▸ Listed entries:
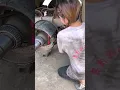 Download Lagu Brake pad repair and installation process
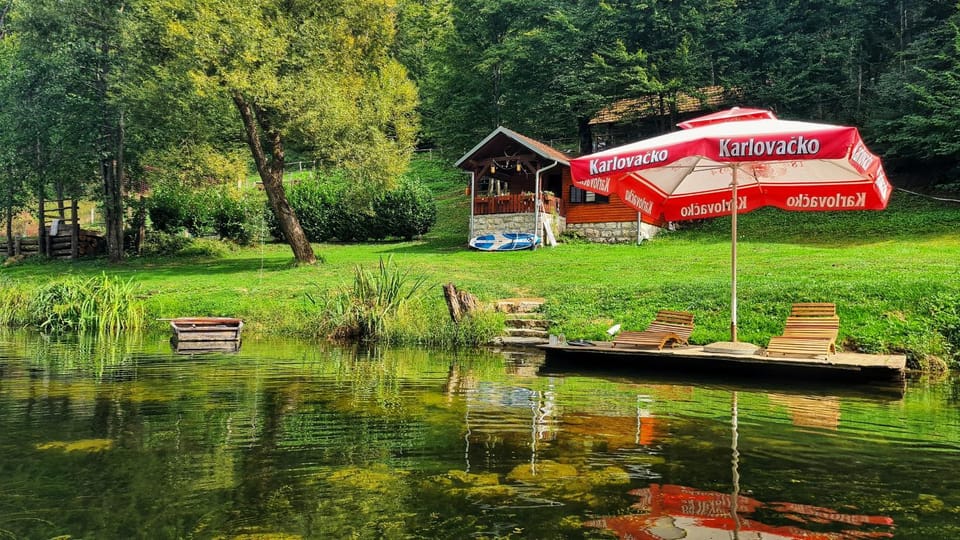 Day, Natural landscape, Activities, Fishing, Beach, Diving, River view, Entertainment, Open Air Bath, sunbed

==

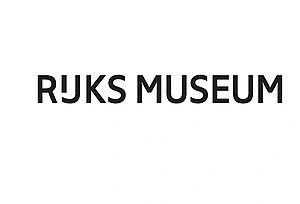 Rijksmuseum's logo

---

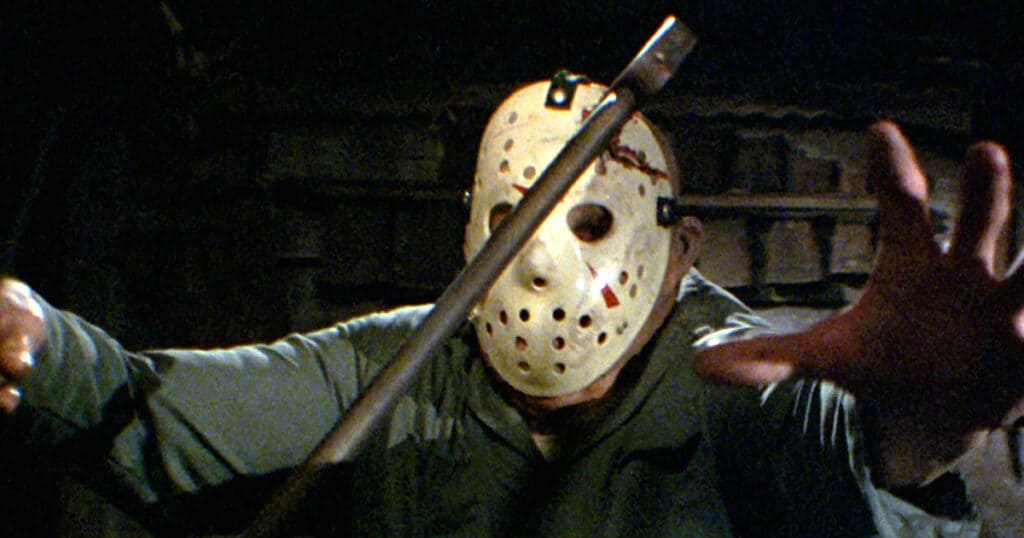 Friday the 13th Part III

▸ Task goal:
Though the entries above contain pictures, none should be copied; reproduce only the lines between the one holding "Download Lagu Brake" and the one holding "Air Bath, sunbed", inclusive, exactly as written.

▸ Your response:
 Download Lagu Brake pad repair and installation process
 Day, Natural landscape, Activities, Fishing, Beach, Diving, River view, Entertainment, Open Air Bath, sunbed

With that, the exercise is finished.